Today I begin researching for my new solo performance, and I’m planning to share here my every-day process, struggle, and fascinations.
Completely by chance, it turned out that the phenomena of “aftermaths” will be my starting point. What aftermaths do to us as performers, and as audience members? What remains? Do we make room for the feelings, thoughts, emotions, states that occur in the first seconds after a performance? Is there any “ritual” that could help us to live through them?
“Performing is deeply relational, and to do it well dancers become extraordinarily porous to those around them – to the artistic team, to dancing colleagues and to the audience. And then it finishes. I’ve certainly experienced feelings of love and loss, loneliness and grief in the hours and days following a performance or project. Mostly on my own. This after is often undervalued and unsupported (…)” Katye Coe
This weekend, I went to a performance of Katye Coe “Making Room for the Mess” in Siobhan Davies Dance, where she investigated what is happening with the dancers just after the performance. Coe used a score “Sabat Mater” by Patricia Okenwa, and danced it with six other dancers (Piedad Albarracin, Helka Kaski, Samuel Kennedy, Steph McMann, Alexander Standard, Rosalie Wahlfrid-Shaw)
My aftermath as an audience member, exactly 24h after the performance:
When we entered the space, one of the performers was already there. I felt that there is a very concrete starting point, one girl lying on the floor and gently rocking. I felt hot and somehow alienated in the big space of the studio. After a few minutes, when the rocking started to develop other dancers started to join from the audience. They also were subtly rocking, and suddenly transformed into an underwater landscape. I opened my palms, to not only observe, but also feel the flow of the air and energy. I felt invited to watch them. I also recall enjoying a lot an abrupt change of the movement quality introduced by one of the performers. She broke the marine and womb-like atmosphere by jumping, crossing the space in the most rapid way. She emphasised her landings, like a falling rock. Bum, shshshshshshshshshs, bum, shshshshshshss, bum – and then other followed her. But for me, she stayed as a genuine “elan vital” of the situation. What a LIFE! WHAT A ENGAGEMENT! She brought us to the surface. Then I remember body contact and caresses among dancers. They also looked at us, and sometimes allowed themselves to be private between movement. To fix their hair, to scratch their face, to take a breath, to smile. I truly enjoyed that. The music consisted sounds, of bubbles, of children, of a crowd. The composition of the piece was dynamic, performers were close to each other, few times even placing themselves in a row, but always someone was separate, alone in the space.

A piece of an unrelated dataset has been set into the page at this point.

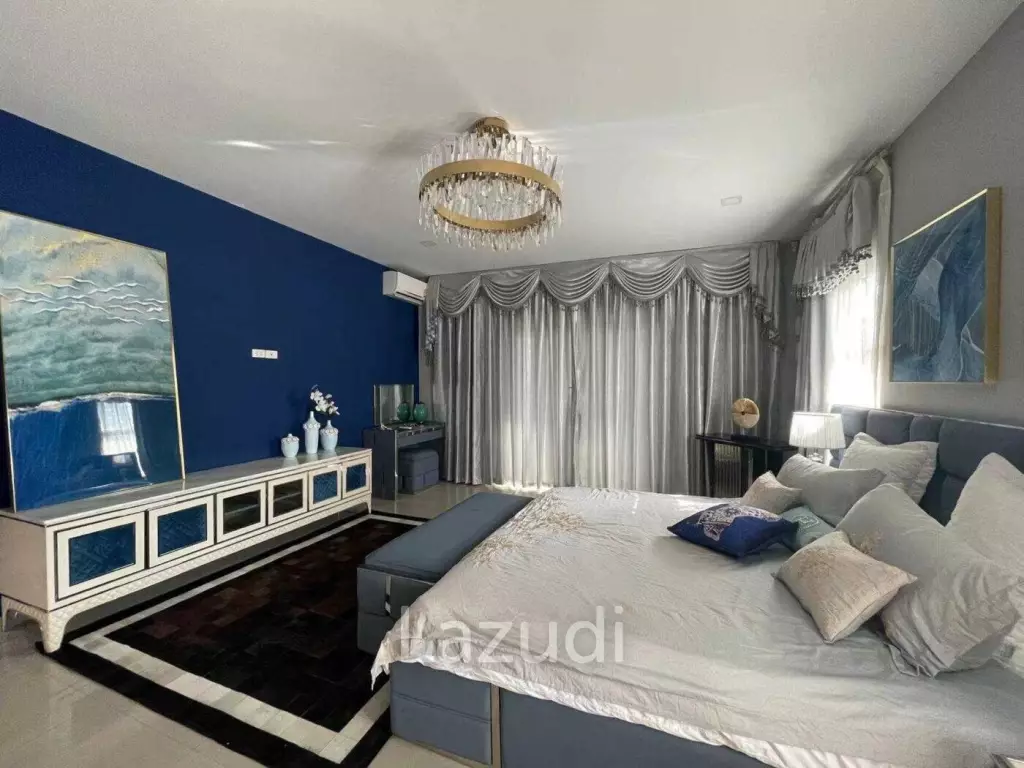 Luxurious Pool Villa in Huay Yai for Sale.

When they stopped I remember I didn’t want to clap, but at the same time clapping reassured me that now is the end. And then the most interesting, and also the most ambiguous thing happened. For a few minutes, we sit in complete silence, looking at each other. I felt very bizarre. Very tense, like I would absorb the dancer’s stress, very curious, and very calm. These moments of silence gave me space to start to digest what I just saw, to remark who is around me. One of the dancers broke the silence. A talk started. Siobhan Davies said afterwards, that she could stay in that silence, to fully enjoy longer the afterimage of performance. Then performers started to say what did they fell: grief, fatigue, and fear what will be next? Question – Are they doing enough? Will they have to wait two weeks for another job or two months? What will happen with them as a group? Do they have any agency in that matter? Not really… Is the choreographer who decides if the work will be shown once again. And sometimes, not even her or him, but the budget.
Katye Coe said a very important thing for me: each performance consists of a number of short love affairs, among dancers. The history of these relations is often solitary. We work very intensively, very close, we share an enormous intimacy, and then it finishes, and we rest alone, searching for another project, coming home to our family life, jumping to a train.

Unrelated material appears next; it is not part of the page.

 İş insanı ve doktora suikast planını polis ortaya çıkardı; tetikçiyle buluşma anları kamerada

Deborah Hay who was among the audience members suggested that it would be useful to remain always in silence after a performance for a few minutes. It would be like a new ritual. Can you imagine from intimates local dance studios, to opera houses – stay in silence, with each other. Beautiful. I want to introduce that into my practice. I also learned a prosaic, but yet very important, strategy used by a choreographer Charlie Morrissey which Katye described as useful for dancers: to take a walk in the place where was the performance, to plan a special time to grieve together.

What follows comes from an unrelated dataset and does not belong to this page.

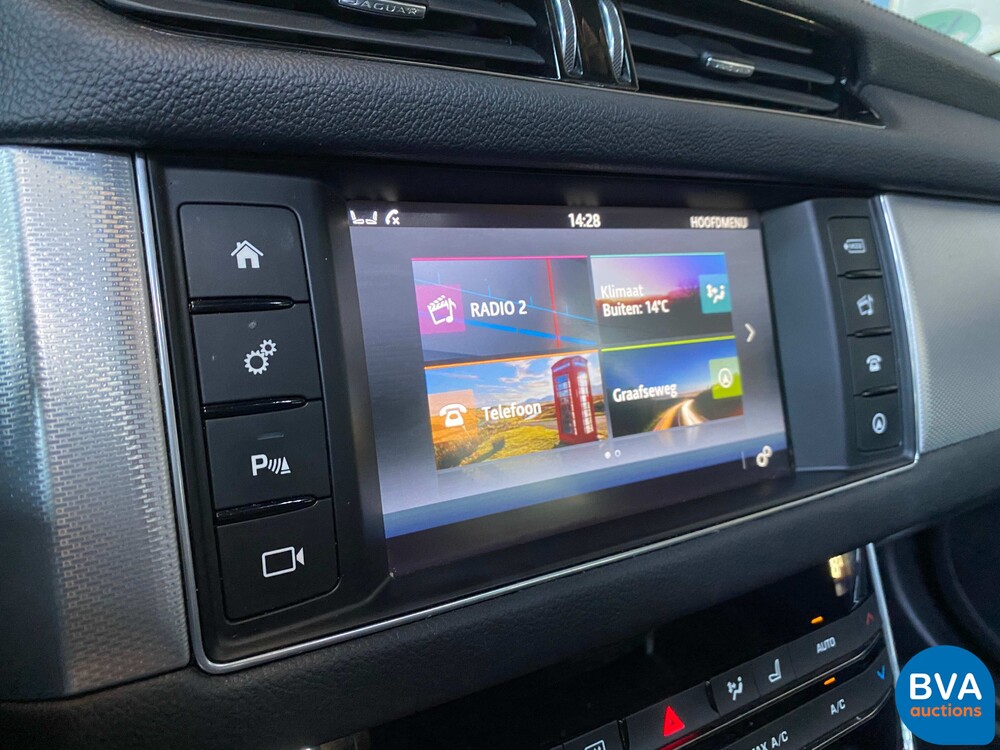 Jaguar XF2.0d 179 PS 2017, SR-372-R.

I will treat my performance as a way to get to the aftermath, as my friend John Kishore Rose Sawney suggested.
music: Geoff Holroyde and James Holroyde
dramaturdy: Peggy Olisaegers
Alicja, thanks for that note, I found it really interesting! I like that, as you wrote, dancers “sometimes allowed themselves to be private between movement. To fix their hair, to scratch their face, to take a breath, to smile”.
Also, I like the idea of being in silence for a while after the show (or rather shared experience). Although, I don’t feel ready to fully use this time for myself yet. Probably I would be a bit stressed or theorizing too much during this pause, but it would be significant as well. Maybe after a time, we will become more self-reflective and focused thanks to this new ritual. Furthermore, then it won’t be so obvious when the performance ends, so participation will be more challenging.